German Ethics Council: Assisted suicide is justifiable
A person's wish to die in a self-determined way should be respected. That is the opinion of the German Ethics Council, which gave its view on the debate on assisted suicide.
The German Ethics Council does not yet give concrete recommendations or feedback on several proposals on the table, the Council writes in a statement. Instead, it shares its opinion on assisted suicide in general, which it deems to be justifiable.
According to the German Ethics Council, "the free responsibility of a decision must be strictly distinguished from the moral correctness of the decision result. The value of the person concerned must be fully respected when assessing free responsibility, even when they deviate significantly from the generally prevailing ideas in society." That is reported by PRO.

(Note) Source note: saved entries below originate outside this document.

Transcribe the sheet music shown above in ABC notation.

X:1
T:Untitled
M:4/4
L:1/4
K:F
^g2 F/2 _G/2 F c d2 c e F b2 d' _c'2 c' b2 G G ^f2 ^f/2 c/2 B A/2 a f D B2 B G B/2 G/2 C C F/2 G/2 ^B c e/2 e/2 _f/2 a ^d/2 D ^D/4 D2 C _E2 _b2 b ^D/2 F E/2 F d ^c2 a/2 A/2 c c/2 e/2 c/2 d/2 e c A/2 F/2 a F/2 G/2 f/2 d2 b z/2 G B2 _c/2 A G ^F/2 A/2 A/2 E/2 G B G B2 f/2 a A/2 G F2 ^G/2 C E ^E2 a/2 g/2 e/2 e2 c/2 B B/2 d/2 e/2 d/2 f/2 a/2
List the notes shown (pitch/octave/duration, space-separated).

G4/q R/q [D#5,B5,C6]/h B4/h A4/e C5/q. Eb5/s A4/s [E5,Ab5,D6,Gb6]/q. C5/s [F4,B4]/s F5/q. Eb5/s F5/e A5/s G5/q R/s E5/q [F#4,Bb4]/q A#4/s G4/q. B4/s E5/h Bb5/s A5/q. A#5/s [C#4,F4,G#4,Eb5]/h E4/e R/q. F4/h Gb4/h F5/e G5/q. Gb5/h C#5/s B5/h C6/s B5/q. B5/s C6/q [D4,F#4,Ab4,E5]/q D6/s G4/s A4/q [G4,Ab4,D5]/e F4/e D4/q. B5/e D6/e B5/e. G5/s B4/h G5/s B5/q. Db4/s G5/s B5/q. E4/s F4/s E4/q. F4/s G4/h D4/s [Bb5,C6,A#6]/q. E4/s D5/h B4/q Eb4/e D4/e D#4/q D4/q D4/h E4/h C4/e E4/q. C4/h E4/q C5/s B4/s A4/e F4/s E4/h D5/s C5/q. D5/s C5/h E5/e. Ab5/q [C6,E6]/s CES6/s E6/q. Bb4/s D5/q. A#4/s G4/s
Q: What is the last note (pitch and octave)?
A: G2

However, in addition to stressing that suicide assistance may only occur when the choice for death is voluntary, the Ethics Council does not give any specific recommendations.
Not a private matter
Instead, it stresses that the wish for suicide is not a private matter but concerns society. The Council suggests that the debate on assisted suicide should focus on "avoiding situations in life that people at least subjectively experience as unbearable." Therefore, the Council argues that doctors, social centres, nursing services and clinics should offer reasonable alternatives to suicide.
The chairwoman of the Ethics Council, Alena Buyx, says that external factors, such as society and the social context in which a person finds himself, strongly influence his suicidal thoughts. Therefore, the Council finds that assisted suicide legislation does not "relieve the state and society of the responsibility to counteract emergencies. They must try as far as possible to ensure that people do not get into and remain in situations where they see death as the lesser evil than life."
"Debate in right order"
The statement of the Ethics Council lacks a reference to the responsibility of the state to guarantee the protection of life", says Uwe Heimowski to PRO. Heimowski is the policy officer of the Protestant Alliance in Germany (EAD). He is disappointed because, in his view, the Council's voice is hardly different from the legal requirements of the Federal Constitutional Court.
CDU politician and former Minister of Health Hermann Gröhe says that the Ethics Council puts the euthanasia debate in the correct order: "The prevention of suicide is above all." He stresses that desperate people must be protected from a climate where the impression arises that suicide is desirable.